» **WORK REQUIRED**: A single number is required: how many lines in the entries hold the word "Outer".
◇ ◇ ◇ ◇ ◇
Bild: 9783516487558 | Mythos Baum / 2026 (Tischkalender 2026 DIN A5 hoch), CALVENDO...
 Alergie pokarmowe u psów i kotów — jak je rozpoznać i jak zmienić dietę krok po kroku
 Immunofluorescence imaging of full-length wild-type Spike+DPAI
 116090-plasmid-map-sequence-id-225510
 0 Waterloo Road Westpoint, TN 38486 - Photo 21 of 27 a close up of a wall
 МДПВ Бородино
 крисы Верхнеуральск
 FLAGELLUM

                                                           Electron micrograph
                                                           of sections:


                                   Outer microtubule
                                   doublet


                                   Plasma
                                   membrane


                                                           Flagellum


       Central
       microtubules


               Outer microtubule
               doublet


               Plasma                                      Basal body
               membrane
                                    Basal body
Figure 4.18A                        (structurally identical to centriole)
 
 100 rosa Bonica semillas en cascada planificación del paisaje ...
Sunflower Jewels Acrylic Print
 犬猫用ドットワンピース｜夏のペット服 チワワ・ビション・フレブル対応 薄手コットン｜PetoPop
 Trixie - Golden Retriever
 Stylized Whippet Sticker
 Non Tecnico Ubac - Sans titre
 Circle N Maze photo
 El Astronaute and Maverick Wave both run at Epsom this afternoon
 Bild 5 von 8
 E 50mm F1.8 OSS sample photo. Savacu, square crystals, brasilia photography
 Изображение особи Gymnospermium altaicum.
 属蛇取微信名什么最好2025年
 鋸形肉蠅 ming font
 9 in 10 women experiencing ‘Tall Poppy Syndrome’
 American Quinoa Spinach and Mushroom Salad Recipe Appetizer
◇ ◇ ◇ ◇ ◇
» **TASK ANSWER**: 2